MPI test hang on `mpiexecjl` with SLURM
Testing MPI v0.20-dev (master) branch on Linux server via SLURM using salloc and launching Julia as julia --project -e 'using Pkg; Pkg.test()' via srun -n1 ./launch_julia.sh hangs on https://github.com/JuliaParallel/MPI.jl/blob/9a1dd861213a312fb8c16c28147d90664995ae6f/test/runtests.jl#L14-L18
although making sure that the number of processes used is consistent (salloc -n>=1, srun -n1, export JULIA_MPI_TEST_NPROCS=1), ENV["SLURM_NTASKS"] returning the expected number. Fix #559 does not yet solve the issue.
You are using srun -n1 to launch Julia. What happens when you do salloc -n5 and set export JULIA_MPI_TEST_NPROCS=4?
Do I understand correctly that your mpiexec defaults to using srun behind the curtains?

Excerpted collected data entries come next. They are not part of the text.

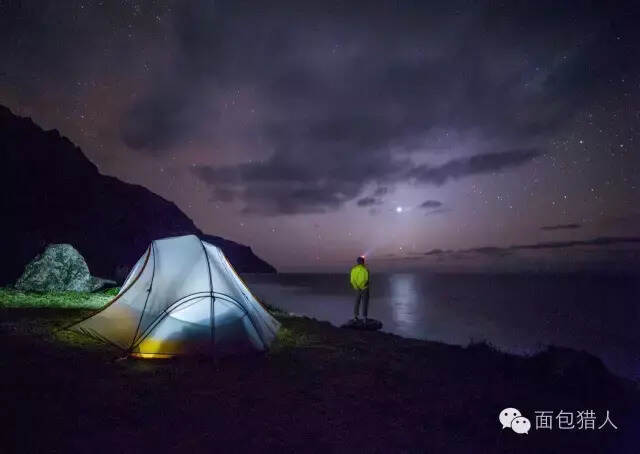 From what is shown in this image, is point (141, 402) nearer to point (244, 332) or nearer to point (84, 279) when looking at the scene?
point (244, 332)

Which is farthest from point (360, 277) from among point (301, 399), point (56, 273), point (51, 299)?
point (56, 273)

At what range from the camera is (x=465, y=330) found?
35656 mm

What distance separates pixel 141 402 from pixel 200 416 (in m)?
1.14

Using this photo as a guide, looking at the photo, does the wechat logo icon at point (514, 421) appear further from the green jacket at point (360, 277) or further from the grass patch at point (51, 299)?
the grass patch at point (51, 299)

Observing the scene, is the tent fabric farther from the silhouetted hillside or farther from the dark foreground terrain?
the silhouetted hillside

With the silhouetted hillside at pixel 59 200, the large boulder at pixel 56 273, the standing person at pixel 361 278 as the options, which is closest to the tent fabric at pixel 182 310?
the standing person at pixel 361 278

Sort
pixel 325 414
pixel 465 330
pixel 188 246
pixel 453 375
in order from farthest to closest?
pixel 465 330, pixel 188 246, pixel 453 375, pixel 325 414

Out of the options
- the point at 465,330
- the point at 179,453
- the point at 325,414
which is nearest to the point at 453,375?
the point at 325,414

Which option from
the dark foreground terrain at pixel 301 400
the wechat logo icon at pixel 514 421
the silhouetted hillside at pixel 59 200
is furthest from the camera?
the silhouetted hillside at pixel 59 200

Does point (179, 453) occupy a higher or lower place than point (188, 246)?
lower

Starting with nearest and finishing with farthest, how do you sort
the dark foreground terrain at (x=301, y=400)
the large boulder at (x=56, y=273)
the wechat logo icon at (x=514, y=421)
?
1. the dark foreground terrain at (x=301, y=400)
2. the wechat logo icon at (x=514, y=421)
3. the large boulder at (x=56, y=273)

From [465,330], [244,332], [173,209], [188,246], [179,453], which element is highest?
[173,209]

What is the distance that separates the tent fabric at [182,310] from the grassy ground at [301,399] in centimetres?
46

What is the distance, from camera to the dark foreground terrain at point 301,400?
16.0ft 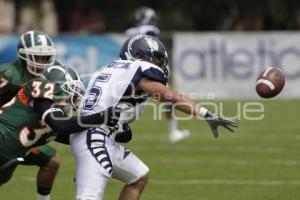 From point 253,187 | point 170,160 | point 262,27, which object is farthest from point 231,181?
point 262,27

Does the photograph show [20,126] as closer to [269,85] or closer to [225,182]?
[269,85]

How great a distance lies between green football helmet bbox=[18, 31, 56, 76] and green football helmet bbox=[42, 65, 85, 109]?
13.3 inches

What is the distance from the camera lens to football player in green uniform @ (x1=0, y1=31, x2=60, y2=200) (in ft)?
22.8

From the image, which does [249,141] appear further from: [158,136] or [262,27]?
[262,27]

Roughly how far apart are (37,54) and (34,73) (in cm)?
15

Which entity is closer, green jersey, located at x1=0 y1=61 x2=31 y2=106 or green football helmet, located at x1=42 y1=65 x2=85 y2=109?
green football helmet, located at x1=42 y1=65 x2=85 y2=109

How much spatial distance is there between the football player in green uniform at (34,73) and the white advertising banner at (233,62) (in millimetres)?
11935

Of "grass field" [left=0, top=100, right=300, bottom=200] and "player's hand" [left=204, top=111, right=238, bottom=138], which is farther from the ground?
"player's hand" [left=204, top=111, right=238, bottom=138]

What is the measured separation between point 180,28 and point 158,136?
2228cm

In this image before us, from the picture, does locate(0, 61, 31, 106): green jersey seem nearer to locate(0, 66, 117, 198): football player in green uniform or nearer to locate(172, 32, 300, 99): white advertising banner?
locate(0, 66, 117, 198): football player in green uniform

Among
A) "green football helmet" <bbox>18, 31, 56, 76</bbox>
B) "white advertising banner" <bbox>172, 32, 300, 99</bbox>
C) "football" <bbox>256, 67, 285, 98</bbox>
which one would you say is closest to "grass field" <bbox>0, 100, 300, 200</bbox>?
"green football helmet" <bbox>18, 31, 56, 76</bbox>

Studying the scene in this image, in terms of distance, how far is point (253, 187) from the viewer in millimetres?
8664

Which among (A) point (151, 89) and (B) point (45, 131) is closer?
(A) point (151, 89)

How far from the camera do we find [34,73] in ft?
22.8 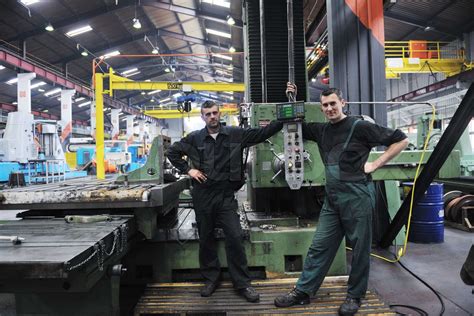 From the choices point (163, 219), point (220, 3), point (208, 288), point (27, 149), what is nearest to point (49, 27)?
point (27, 149)

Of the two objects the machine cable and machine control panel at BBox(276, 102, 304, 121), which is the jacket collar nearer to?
machine control panel at BBox(276, 102, 304, 121)

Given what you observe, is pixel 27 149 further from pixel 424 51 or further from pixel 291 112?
pixel 424 51

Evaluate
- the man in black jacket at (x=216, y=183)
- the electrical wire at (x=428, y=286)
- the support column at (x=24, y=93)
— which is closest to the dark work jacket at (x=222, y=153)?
the man in black jacket at (x=216, y=183)

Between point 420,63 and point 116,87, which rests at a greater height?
point 420,63

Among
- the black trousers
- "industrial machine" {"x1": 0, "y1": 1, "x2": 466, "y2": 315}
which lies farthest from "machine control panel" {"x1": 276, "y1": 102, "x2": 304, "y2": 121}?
the black trousers

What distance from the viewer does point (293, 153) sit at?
2291 mm

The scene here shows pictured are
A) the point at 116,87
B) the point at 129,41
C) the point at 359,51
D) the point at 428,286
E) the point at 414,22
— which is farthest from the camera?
the point at 129,41

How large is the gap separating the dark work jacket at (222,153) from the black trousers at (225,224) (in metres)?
0.06

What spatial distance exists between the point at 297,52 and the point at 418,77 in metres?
11.1

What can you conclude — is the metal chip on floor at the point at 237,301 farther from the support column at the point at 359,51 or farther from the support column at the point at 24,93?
the support column at the point at 24,93

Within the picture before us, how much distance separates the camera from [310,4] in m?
5.08

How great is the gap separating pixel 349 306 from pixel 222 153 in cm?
119

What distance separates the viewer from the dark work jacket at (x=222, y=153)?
7.28 ft

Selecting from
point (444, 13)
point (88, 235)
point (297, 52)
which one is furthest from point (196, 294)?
point (444, 13) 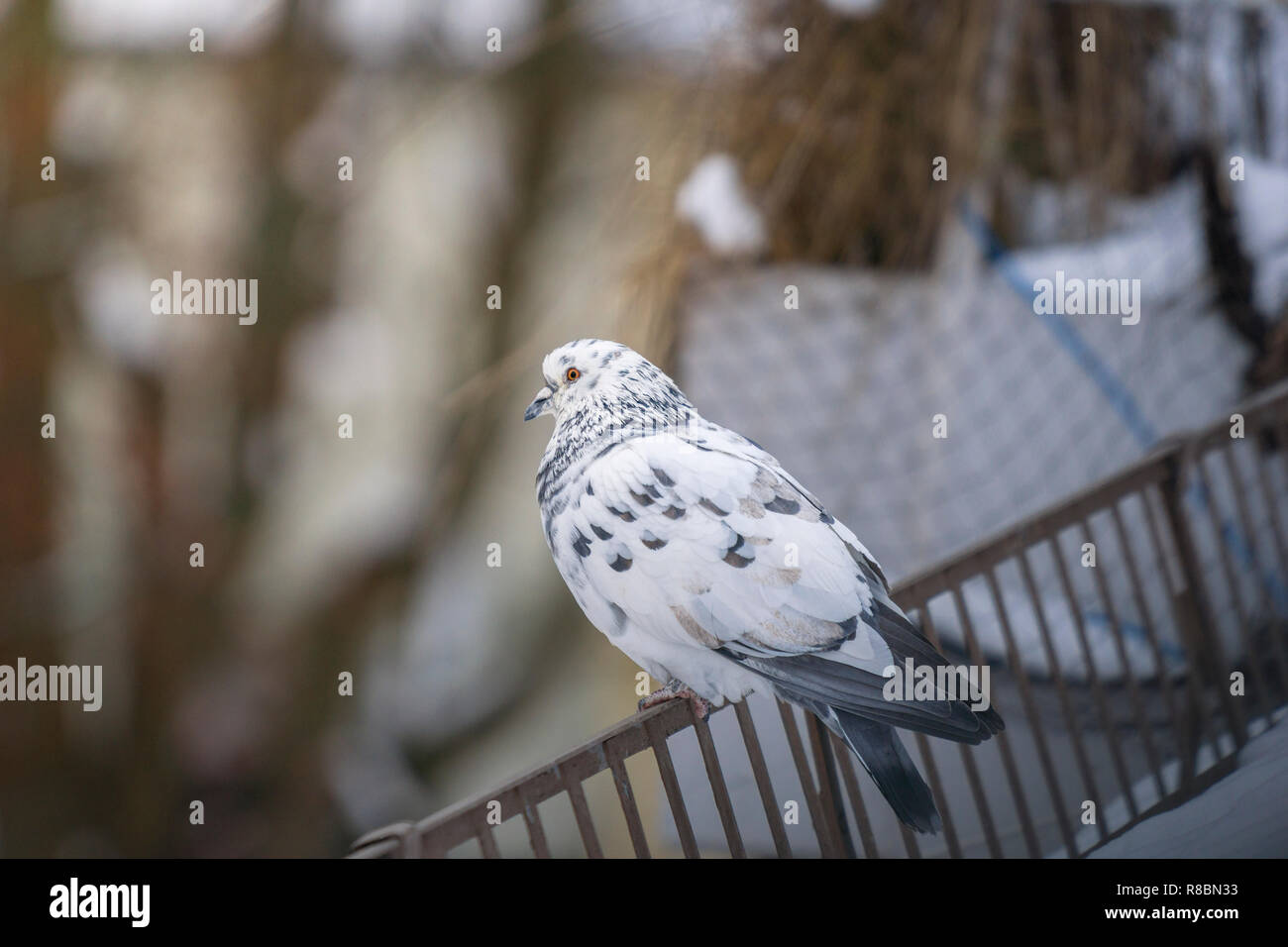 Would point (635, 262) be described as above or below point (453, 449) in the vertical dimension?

In general the MPI tests have not been verified to run within a slurm task, that would require someone adding that setup to CI.
You are using
srun -n1to launch Julia
Yes, and also export JULIA_MPI_TEST_NPROCS=1 to be consistent.
I also tested with salloc -n1 and salloc -n4 while keeping srun -n1. Also using salloc -n4, export JULIA_MPI_TEST_NPROCS=4 and srun -n4 leads to the same behaviour.
What happens if you only use salloc, but not srun? My issue is that you are starting a slurm task and within that task then run MPI.
nested srun commands are not that well support IIRC.
From https://hpc-wiki.info/hpc/FAQ_Batch_Jobs
I get "srun: Job step creation temporarily disabled", have no results and my job seems to have idled until it times out?
This ususally is caused by "nested calls" to either srun or mpirun within the same job. The second or "inner" instance of srun/mpirun tries to allocate the same resources as the "outer" one already did, and thus cannot complete.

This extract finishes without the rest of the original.